If you want to participate to this project, you simply have to download the application and run it. The application will not require you to install it. It will run from where it’s stored. It is made in Java, so the only constraint will be for you to have a recent Java Virtual Machine installed. All recent computer should already have it.
You can run this application with its frontend to see what it’s doing, or you can run it on server side without graphical interface displayed (not available yet). You can stop the application whenever you want, but plus allow it few seconds to save the work in progress.
When the application is launched for the first time, it creates multiple files in the directory when it’s run.
First, you will see a “robotCache” directory created. It’s used to store the robots.txt files retrieved to limit the bandwidth used to get them.
bandwidth.log file is used to store your bandwidth usage to display what’s used and stop when the tool is reaching configured limit.
crawler.dat file is used to store the crawler workloads.

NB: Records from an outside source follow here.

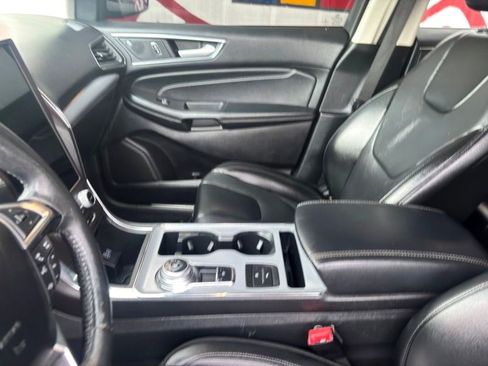 Used 2021 Ford Edge Titanium image 18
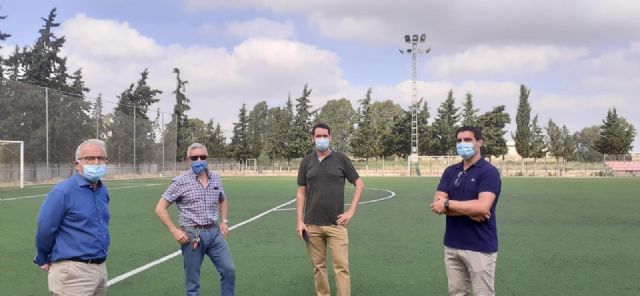 Deportes mejorará el campo de fútbol de Beniaján con la reparación del césped artificial, los banquillos y la valla perimetral - 1, Foto 1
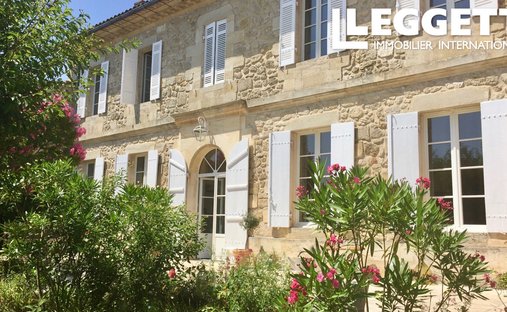House in Villefranche-de-Lonchat, Nouvelle-Aquitaine, France 1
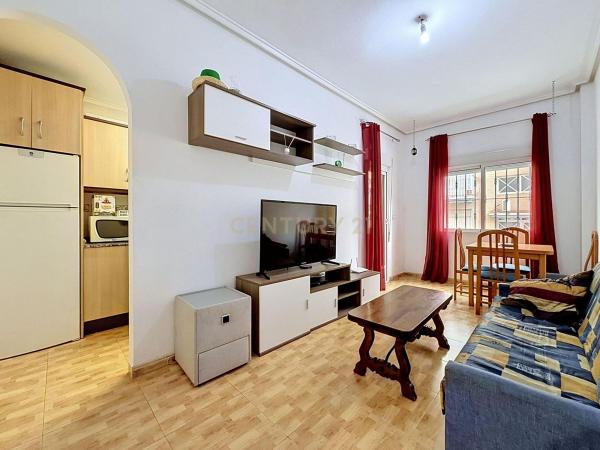Продажа квартиры на Piso en Calle el Calvario, 10, Centro, San Miguel de Salinas, Сан-Мигель-де-Салинас
 photo 1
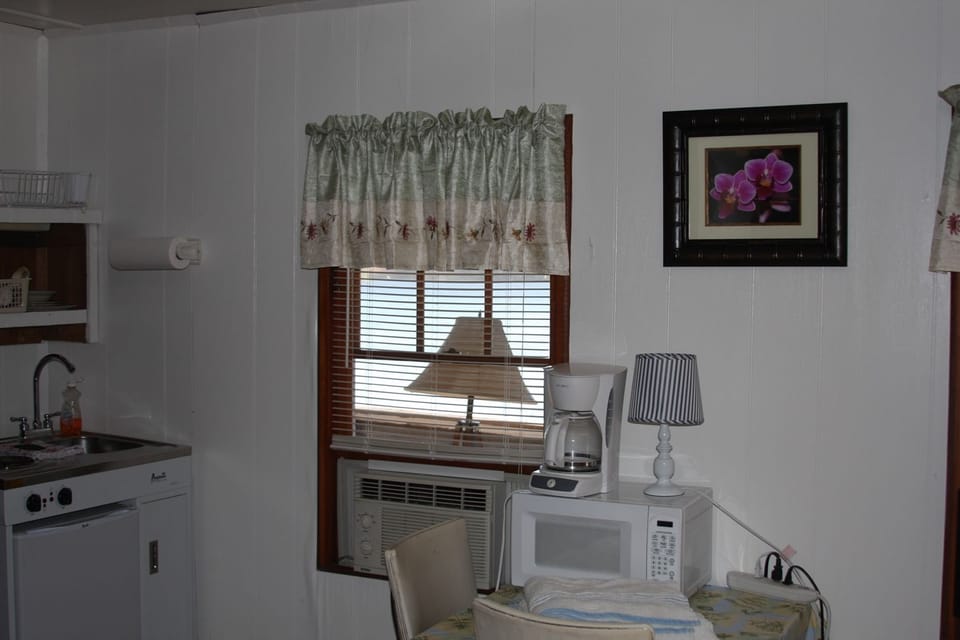 Lakefront Pink Cottage | Private kitchen | Fridge, microwave, stovetop, coffee/tea maker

DistParser.log is used to store the tool’s logs. This is the file we will ask you to share if you are facing any issue with the application.
english.txt and francais.txt are dictionary files downloaded by the application for it’s usage.
And last, crawler.properties which will contain the Crawler configuration.
If you want to setup the application with your own parameters, here is the list of options the application can get, and what they are used for.
Configure the max download speed, in bytes per seconds. Default value is 200kb/s.
Configure the number of walkers we want to have at the same time. The more you have, the faster the download will be. Default value is 10.
Configure the max upload speed, in bytes per seconds. Default value is 40kb/s.
Configure the daily usage limitation. Default value is 1GB
Configure the monthly usage limitation. Default value is 40GB
Configure the first day of the month for you monthly usage. Useful when your billing cycle is not starting on the 1st. Default value is 1.
Configure the number of workloads the crawler should always keep to allow walkers to work. There can’t be more than 3 walkers working on the same domain (based on the domain name). So it’s recommended to have more than one workload at a time in case there is many URLs to parse from the same domain. That will allow walkers to work on some other workload.